The three eventually found their way to the same location where they confronted the Japanese troops, and Yang and Nadja realized they have been tricked by Akiyoko by circling around the forest. A tearful Akiyoko explained she was trying to get them to surrender to the Japanese troops so that they could get food and lodging at the now abandoned camp. The three ended up back at the Soviet truck which they had earlier left during the skirmish with the Japanese troops, where the radio began to announce Emperor Hirohito' unconditional surrender to the Allied troops. Akiyoko, shocked and humiliated by Japan's loss, grabbed Nadja's PPSh-41 and took aim at Yang and Nadja. Yang advanced towards Akiyoko, placing the muzzle of the gun against his chest. Akiyoko was unable to fire the gun, and convulsed into sobs.

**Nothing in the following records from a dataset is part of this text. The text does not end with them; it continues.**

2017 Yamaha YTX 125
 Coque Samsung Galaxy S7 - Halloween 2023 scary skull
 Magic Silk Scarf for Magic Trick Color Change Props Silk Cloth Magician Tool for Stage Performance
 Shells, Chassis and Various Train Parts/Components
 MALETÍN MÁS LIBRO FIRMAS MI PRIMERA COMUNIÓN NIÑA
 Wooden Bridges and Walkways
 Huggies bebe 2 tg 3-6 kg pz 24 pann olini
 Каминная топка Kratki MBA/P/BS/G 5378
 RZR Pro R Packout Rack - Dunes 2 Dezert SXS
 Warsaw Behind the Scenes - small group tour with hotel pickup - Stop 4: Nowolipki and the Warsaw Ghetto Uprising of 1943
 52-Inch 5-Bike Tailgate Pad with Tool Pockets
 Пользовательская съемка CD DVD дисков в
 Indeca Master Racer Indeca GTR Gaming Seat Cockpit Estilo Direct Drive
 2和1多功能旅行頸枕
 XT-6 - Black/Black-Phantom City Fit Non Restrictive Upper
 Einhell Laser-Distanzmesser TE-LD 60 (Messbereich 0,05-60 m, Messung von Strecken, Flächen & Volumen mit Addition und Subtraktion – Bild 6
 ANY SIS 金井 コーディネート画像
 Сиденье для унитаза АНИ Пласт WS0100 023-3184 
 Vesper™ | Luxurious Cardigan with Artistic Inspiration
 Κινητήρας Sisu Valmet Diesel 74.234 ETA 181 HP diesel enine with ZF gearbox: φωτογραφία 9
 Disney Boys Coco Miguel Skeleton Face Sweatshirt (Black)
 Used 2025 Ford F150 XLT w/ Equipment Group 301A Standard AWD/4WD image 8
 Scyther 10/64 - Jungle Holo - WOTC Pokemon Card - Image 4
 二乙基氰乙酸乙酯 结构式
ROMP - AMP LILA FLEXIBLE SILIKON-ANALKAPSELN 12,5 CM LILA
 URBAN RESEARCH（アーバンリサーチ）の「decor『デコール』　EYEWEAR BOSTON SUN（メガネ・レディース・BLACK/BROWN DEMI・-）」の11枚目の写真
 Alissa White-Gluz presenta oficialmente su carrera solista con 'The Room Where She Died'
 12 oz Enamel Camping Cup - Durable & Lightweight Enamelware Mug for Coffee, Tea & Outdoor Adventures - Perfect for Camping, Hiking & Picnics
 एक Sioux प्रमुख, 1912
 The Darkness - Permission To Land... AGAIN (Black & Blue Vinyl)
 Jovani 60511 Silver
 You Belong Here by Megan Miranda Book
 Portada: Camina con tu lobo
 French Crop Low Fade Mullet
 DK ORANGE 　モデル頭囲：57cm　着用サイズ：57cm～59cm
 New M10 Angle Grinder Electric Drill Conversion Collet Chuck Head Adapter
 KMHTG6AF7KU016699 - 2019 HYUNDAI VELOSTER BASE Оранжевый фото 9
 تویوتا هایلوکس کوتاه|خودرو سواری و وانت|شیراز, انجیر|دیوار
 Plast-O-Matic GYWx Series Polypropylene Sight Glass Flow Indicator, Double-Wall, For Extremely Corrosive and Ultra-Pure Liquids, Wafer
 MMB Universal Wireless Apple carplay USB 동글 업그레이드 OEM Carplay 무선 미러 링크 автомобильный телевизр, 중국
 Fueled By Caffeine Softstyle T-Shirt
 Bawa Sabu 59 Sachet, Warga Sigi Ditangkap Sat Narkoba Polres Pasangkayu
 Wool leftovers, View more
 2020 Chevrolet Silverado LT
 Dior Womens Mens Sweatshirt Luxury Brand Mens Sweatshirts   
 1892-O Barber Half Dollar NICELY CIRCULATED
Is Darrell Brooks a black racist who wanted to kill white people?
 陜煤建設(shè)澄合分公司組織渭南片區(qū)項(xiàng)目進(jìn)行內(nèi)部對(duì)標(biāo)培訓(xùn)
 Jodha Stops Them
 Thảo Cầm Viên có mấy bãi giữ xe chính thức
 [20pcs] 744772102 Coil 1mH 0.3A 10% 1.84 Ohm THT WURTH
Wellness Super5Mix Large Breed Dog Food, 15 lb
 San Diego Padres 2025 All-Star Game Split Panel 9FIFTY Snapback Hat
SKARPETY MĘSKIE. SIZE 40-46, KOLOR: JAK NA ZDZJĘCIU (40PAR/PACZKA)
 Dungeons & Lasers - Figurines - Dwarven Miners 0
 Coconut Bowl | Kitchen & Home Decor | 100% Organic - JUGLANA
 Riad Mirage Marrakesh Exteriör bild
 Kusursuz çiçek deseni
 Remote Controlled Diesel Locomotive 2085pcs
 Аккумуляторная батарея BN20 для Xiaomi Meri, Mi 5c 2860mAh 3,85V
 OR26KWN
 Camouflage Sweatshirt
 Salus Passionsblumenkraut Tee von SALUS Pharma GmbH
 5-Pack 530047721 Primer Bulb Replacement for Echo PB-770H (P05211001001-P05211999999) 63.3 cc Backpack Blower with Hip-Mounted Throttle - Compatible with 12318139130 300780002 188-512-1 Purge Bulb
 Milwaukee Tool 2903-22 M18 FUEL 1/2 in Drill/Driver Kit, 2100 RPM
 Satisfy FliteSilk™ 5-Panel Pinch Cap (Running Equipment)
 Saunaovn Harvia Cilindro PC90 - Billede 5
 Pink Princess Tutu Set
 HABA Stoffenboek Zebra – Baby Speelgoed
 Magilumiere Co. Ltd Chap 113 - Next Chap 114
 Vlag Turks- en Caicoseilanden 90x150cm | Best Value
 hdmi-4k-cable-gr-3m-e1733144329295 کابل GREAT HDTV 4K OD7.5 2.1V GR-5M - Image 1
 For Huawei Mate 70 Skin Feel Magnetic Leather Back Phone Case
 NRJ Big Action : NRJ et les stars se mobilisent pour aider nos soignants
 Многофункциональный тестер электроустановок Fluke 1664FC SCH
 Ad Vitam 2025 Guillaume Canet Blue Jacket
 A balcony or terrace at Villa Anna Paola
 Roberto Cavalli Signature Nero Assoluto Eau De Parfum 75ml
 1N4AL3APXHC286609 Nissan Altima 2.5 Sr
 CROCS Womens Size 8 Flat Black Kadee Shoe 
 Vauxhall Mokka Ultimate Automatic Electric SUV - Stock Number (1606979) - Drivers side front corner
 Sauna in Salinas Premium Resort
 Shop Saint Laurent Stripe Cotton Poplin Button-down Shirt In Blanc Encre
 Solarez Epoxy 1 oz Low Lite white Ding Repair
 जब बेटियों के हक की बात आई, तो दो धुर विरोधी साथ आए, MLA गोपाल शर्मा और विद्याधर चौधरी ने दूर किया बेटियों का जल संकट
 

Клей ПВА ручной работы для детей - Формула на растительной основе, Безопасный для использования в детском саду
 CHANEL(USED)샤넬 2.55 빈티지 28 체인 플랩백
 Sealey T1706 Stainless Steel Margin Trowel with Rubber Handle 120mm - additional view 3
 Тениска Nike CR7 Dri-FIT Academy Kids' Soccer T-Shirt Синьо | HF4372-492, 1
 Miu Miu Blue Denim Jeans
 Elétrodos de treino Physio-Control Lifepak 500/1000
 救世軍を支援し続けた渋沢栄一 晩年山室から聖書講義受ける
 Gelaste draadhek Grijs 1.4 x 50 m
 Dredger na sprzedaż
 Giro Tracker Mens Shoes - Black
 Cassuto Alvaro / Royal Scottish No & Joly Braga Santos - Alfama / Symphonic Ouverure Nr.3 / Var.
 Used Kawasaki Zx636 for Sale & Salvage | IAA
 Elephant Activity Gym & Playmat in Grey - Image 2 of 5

Nadja then discovered that Yang had removed the cartridges from the gun before Akiyoko picked it up.

The war having now ended, Yang urged Akiyoko to go back to Japan and live a good life. Akiyoko tells Yang that she wishes to return to Japan in search of Onishi. Unfortunately, unbeknownst to Akiyoko, Onishi was part of the final fleet of Kamikaze fighter pilots sent to their deaths on August 16, 1945, one day after the Japanese surrender. Onishi were instructed to crash his fighter plane into American warship. While in flight, Onishi attempts to escape from the cockpit, only to find it locked. Resigned to his doomed fate, Onishi crashes his plane into the sea, which subsequently explodes.

Having heard a series of loud explosions, the three then witness a group of Japanese soldiers and civilians committing mass suicide as they could not accept the reality that their country had surrendered. Akiyoko mistakenly thought they were not informed of the surrender and ran to stop their foolish acts, but was shot in the head by a Japanese captain. Akiyoko's okiagari-koboshi doll rolled out of her grasp and dies.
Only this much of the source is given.